§ **Dataset extract**:
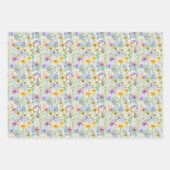 Gele Daisy Wildflower Bloemen Patroon Inpakpapier Vel (Voorkant)
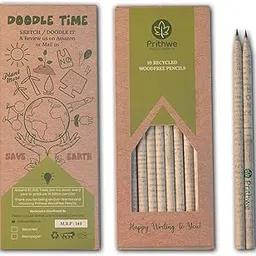 Prithwe Ecofriendly Recycled Newspaper Pencils -Black-picture-30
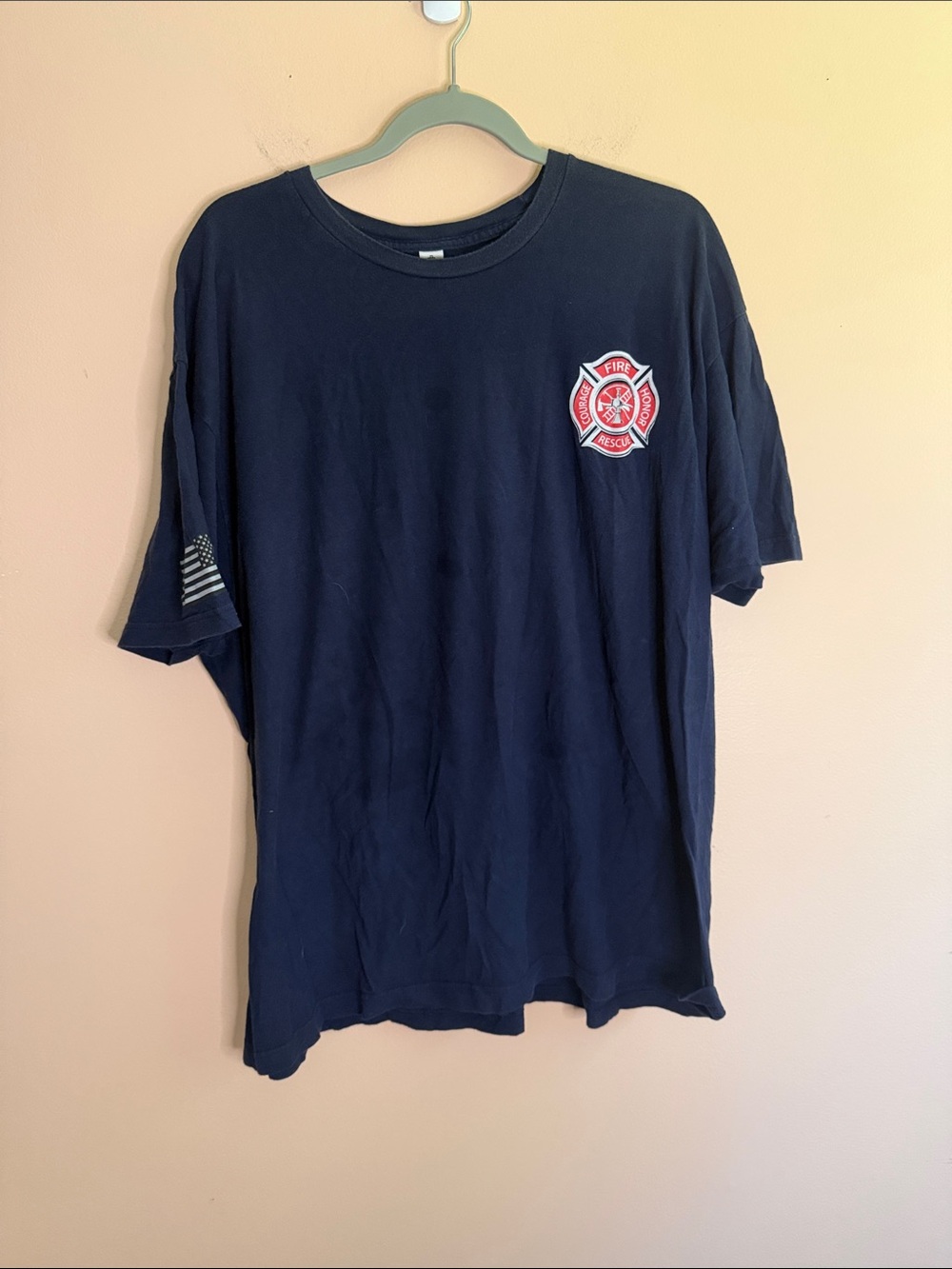 Tultex Navy Short-Sleeve Fire Rescue Tee with Chest Emblem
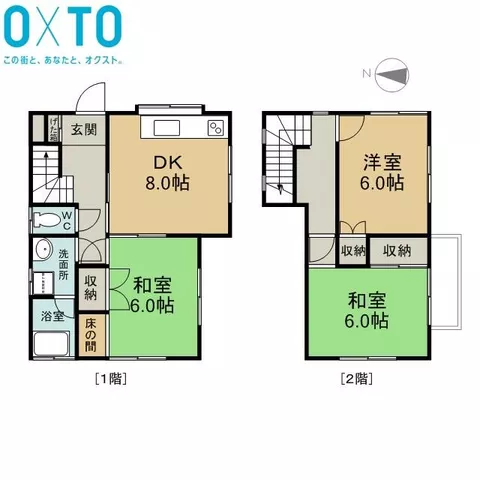 Furukawa City, Jinen (Furukawa Station) 2-story building 3DK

§ **About this task**: The result should be an exact copy of the material, containing no pictures.

§ **Result below**:
 Gele Daisy Wildflower Bloemen Patroon Inpakpapier Vel (Voorkant)
 Prithwe Ecofriendly Recycled Newspaper Pencils -Black-picture-30
 Tultex Navy Short-Sleeve Fire Rescue Tee with Chest Emblem
 Furukawa City, Jinen (Furukawa Station) 2-story building 3DK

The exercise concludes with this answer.